Psychologinnen aus Wien orten Förderung von Aggressionen. | Wien. "Für gewalthaltige Spiele sollte Null Toleranz gelten. Für Eltern bedeutet dies, die Anschaffung gewalthaltiger Spiele in keiner Weise zu unterstützen, die Video- und Computerspielnutzung des eigenen Kindes zu beobachten und kritisch zu hinterfragen."
Hinweis: Der Inhalt dieser Seite wurde vor 14 Jahren in der Wiener Zeitung veröffentlicht. Hier geht's zu unseren neuen Inhalten.
Psychologinnen der Universität Wien kommen in einer aktuellen Studie, die in der "Schweizerischen Zeitschrift für Bildungswissenschaften" (31/2009) erscheint, zu diesem Schluss und schreiben mit Verweis auf andere Arbeiten, in der Wissenschaft herrsche "ein breiter Konsens darüber, dass gewalthaltige Video- und Computerspiele Aggressionen fördern". Daher raten sie auch den Pädagogen, "das Spielen von gewalthaltigen Video- und Computerspielen während der Pausen und in Freizeiten während des Unterrichts nicht zu tolerieren; Gelegenheiten für Gewaltspielnutzung sollten damit reduziert werden".
Eva-Maria Schiller, Dagmar Strohmeier und Christiane Spiel erkundeten, wie bei 12- und 16-Jährigen in Österreich Video- und Computerspielnutzung und Aggression zusammenhängen. 183 Kinder mit dem Altersdurchschnitt von 11,8 Jahren sowie 204 Jugendliche, im Durchschnitt 15,5 Jahre alt, nahmen daran teil.
Christiane Spiel: Ventil für Erfolgserlebnisse
Wie Christiane Spiel, Vorstand des Instituts für Wirtschaftspsychologie, Bildungspsychologie und Evaluation im Gespräch mit der "Wiener Zeitung" betonte, war es keine repräsentative Umfrage. Denn die Teilnehmer waren nur Gymnasiasten, die, wie die Umfrage ergab, deutlich seltener vor derartigen Spielen sitzen (mehr als zwei Stunden pro Tag nur 19 Prozent der 16-Jährigen und nur 3 Prozent der 12-Jährigen) als der Durchschnitt der gleichaltrigen Bevölkerung.
In einer 2005/2006 von der Weltgesundheitsorganisation WHO durchgeführten Studie belief sich der Anteil jener in Österreich, die täglich zwei oder mehr Stunden Video- und Computerspiele spielen, bei den 11-Jährigen auf 29 Prozent, bei den 13-Jährigen auf 37 Prozent - was in dieser Stufe über dem internationalen Durchschnitt (35 Prozent) liegt - und bei den 15-Jährigen auf 30 Prozent.
In allen Altersstufen spielen deutlich mehr Burschen als Mädchen zwei und mehr Stunden pro Tag am Computer.

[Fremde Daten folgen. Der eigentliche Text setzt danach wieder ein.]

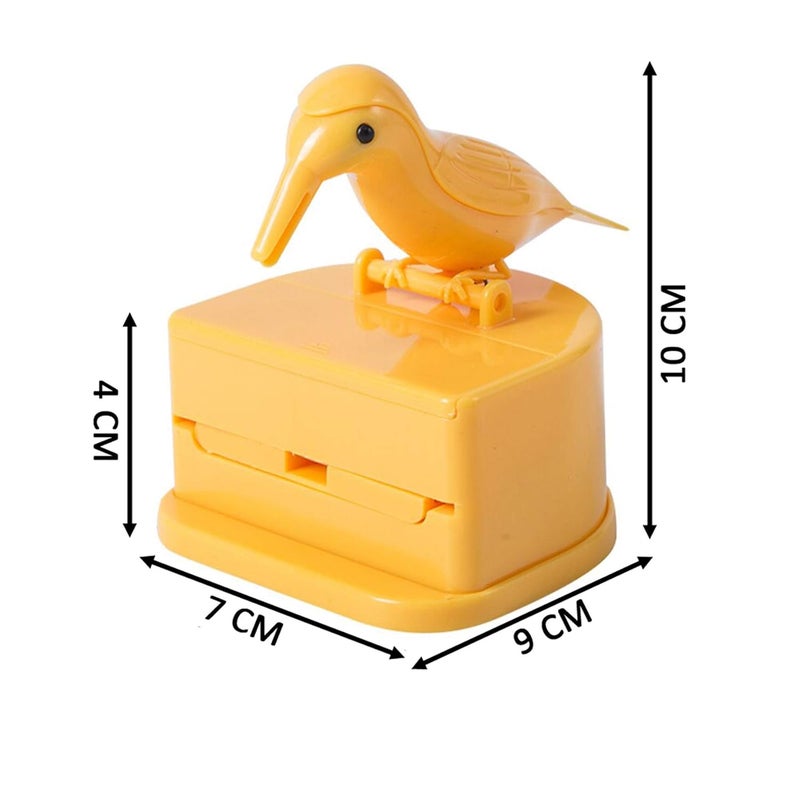MEZON MEZON Cute Bird Toothpick Dispenser Bird Shape Toothpick Holder Box With Toothpicks for Home Kitchen Party Hotel Restaurant Multi Color - Image 2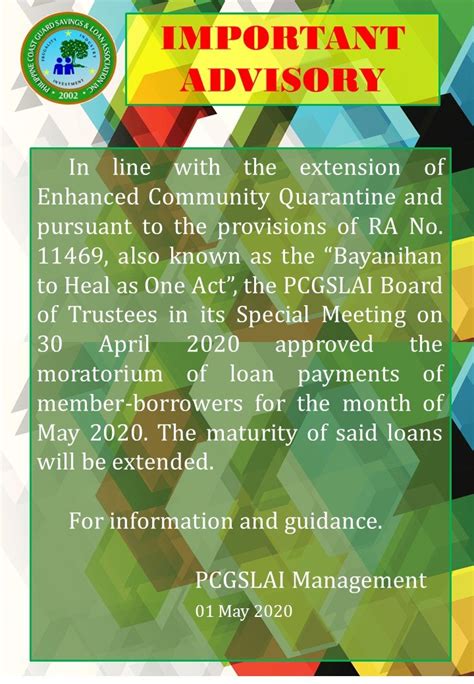 pcgslai|ADVISORY FOR PCGSLAI MEMBERS .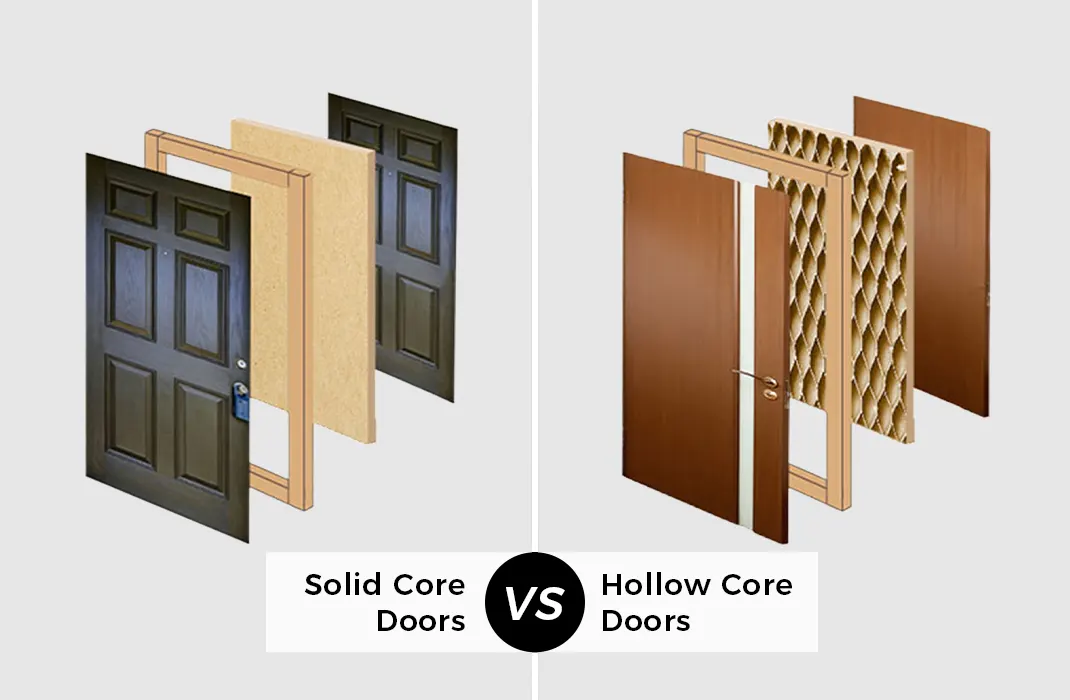 Solid Core vs Hollow Core Flush Doors: What’s the Difference?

Ist für Mädchen eher die Spielfreude das Motiv, so geht es den Burschen mehr um Leistung. Spiel: "Viele, die in der Schule eher schwach sind, holen sich hier Erfolgserlebnisse, das Spiel ist ein Ventil, um den eigenen Selbstwert bestätigt zu bekommen."
Wenn die Gymnasiasten relativ selten spielen, liegt auf der Hand, dass ihre Altersgenossen auf anderen Bildungswegen umso öfter Computer- und Videospiele betreiben. In diese Gruppe fallen besonders männliche Jugendliche, die man bereits zu "Bildungsverlierern" stempelt. Sie wollen nach ständigen schulischen Misserfolgserlebnissen von Bildung nichts mehr wissen, schalten ab, beenden die Schulpflicht ohne echten Schulabschluss und besitzen auf dem Arbeitsmarkt kaum Chancen.
Kein Grund, alle Spiele zu verteufeln
"Die Nutzung von Video- und Computerspiele allgemein zu verteufeln, wäre absurd", betont Spiel. Das sei auch "nicht notwendig", heißt es in der Studie, "in Bezug auf Aggression sind nur gewalthaltige Video- und Computerspiele als bedenklich einzustufen". Was ist gewalthaltig?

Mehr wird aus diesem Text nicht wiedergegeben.